Monkey Predictions
...excerpt from Mo Lidsky's latest book, Partners in Preservation
With the advent of countless technologies that have put infinitely more information at our fingertips, we have become no better at economic predictions. There are those that sell the message that not only do we perfectly understand what is happening today but we are also pretty damn confident about what it will mean for the future. Whether it’s on Bloomberg, CNBC, BNN (in Canada), or any other channel that propagates market predictions, there is no shortage of investment gurus and economists confidently explaining the market to us.
The reality is that these opinions are most often useless and often detrimental to investors.

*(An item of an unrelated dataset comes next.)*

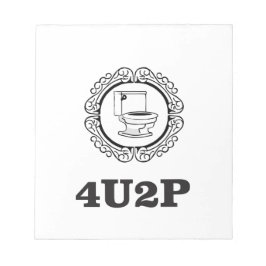 voor je om te plassen notitieblok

In fact, when finance academics John Graham and Campbell Harvey studied stock-predicting newsletters, they came to two conclusions. First, results of these prediction newsletters were so atrocious that they questioned whether the predictions were arrived at by chance. And second, they found that one would be more successful finding the worst of the newsletters and doing the opposite of what they recommended. It is not what anyone wants to hear, but the truth is that the world is far more complex and unpredictable than a newsletter, an algorithm, or a cable news show would have us believe.
There is no shortage of similar stories, whether it is the one about the Playboy models whose stock picks outperformed most mutual fund managers, or the one where Orlando the cat defeated three money manager opponents in a stock market challenge, or the one of Burton Malkiel’s one hundred blindfolded monkeys that outperformed the index. Stock market forecasters are unreliable in the short run, and analysts tend to be fairly poor prophets. Perhaps that is why Mark Twain was once quoted as saying, “The best way to make money from stocks is to sell investment advice.”